Wednesday, which was yesterday, I awoke feeling better and thought the clouds had lifted. I went with my parents to Texarkana so I could get an extra adjustment this week to help with healing. We had fun, went to eat, shopped, and enjoyed each others company. I had been having some minor muscle pain in my neck but as the day pressed on, my neck muscles started to seize completely up. I don't know if it was from all the sleeping or what but it was clear that life wasn't going to let me off the hook just yet. When Mom and Dad dropped me off, I made my way up my sidewalk and could feel everything tighten and constrict. It was almost more than I could bear.

I tried to go about my evening activities in the house as if nothing was wrong but I could not get warm and I could NOT relax. Every muscle and fiber were tense and rigid. The only thing I could think to do was to get in a hot bath. I immediately felt the tension let up when I got in and I laid there just kind of relieved to have a second of feeling somewhat normal.

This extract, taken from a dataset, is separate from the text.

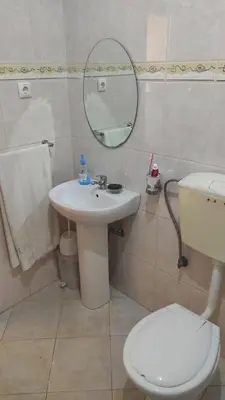 a bathroom with a sink and a toilet and a mirror at Casa de Gá in Mindelo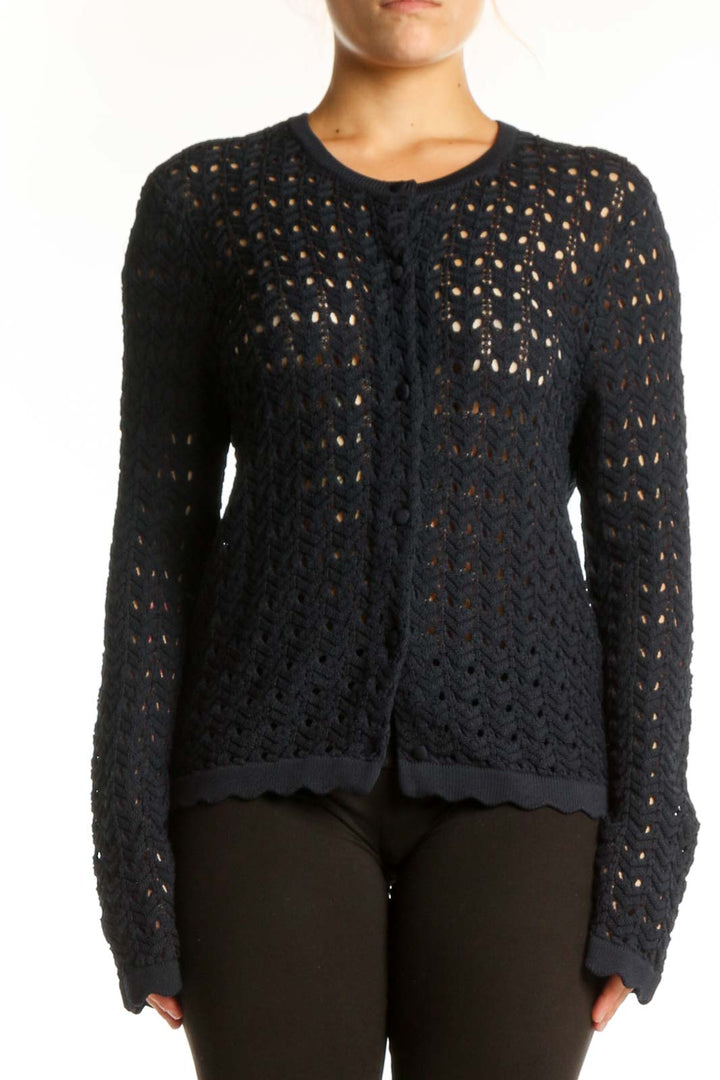 Black openwork knit cardigan with button-front closure and long sleeves, worn with black pants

There comes a point when you encounter a series of unfortunate events that you eventually ask why. Why is this happening to me?? That was where I was in the tub last night. Asking why. The universe is so quick to want to help. Sometimes answers come and sometimes they don't. Last night, I got a very clear answer, "it's because you're grieving." Even then I didn't want to accept that. I thought about Shania Twain and her hot baths and assessed that the only time I've felt unclenched in the past 5 days was sitting in the hot shower or sitting in this tub. What could I possibly be grieving? THAT??

It was at that point where I was so physically worn down that I HAD to surrender to it. I was so broken and exhausted and I wanted out of it so badly that I had to listen and accept it. My body was leading me into that place where my heart and soul were refusing to go. It wasn't too subtle about it either. All those years of repressing the loss, all the time that has been lost, all the love not given, all the injustice, all the grief had to be felt. So, I let it happen.

I let my heart break.

God meets us where we are and I've never felt more embraced than I did crying like a little girl in my plastic garden tub last night. I was held as I let it all hurt, physically incapable of fighting it anymore. So it hurt. Heart, mind, body, soul grieved it all.

I cried some more when I got in bed and had to try and explain to Rodney what the hell was going on.  Tears flooded my pillow while he listened somewhat perplexed but, compassionately. My neck started to relax and I finally fell asleep. I woke up somewhere in the middle of the night and was sweating and still running a low grade fever but it felt detoxifying. Then I woke up this morning and felt better. A lot better.

I know that grief isn't about crying in the tub and you're done. And, I don't expect it to be over. However, now I am open to it. I'm not blocking it anymore. It stuns me that I ever tried to and that I got away with it for so long. It also amazes me that my body would lead me into it. I thought grief would originate in the heart. I guess since I wouldn't let my heart break over it, my body had to lead me to it.

As for redemption, it's coming. I'll always believe that. Everything will be restored and redeemed. It will be better than anything I can hope for. Grief is just one of those things that teaches us the value of love. I hope I've learned the lesson now.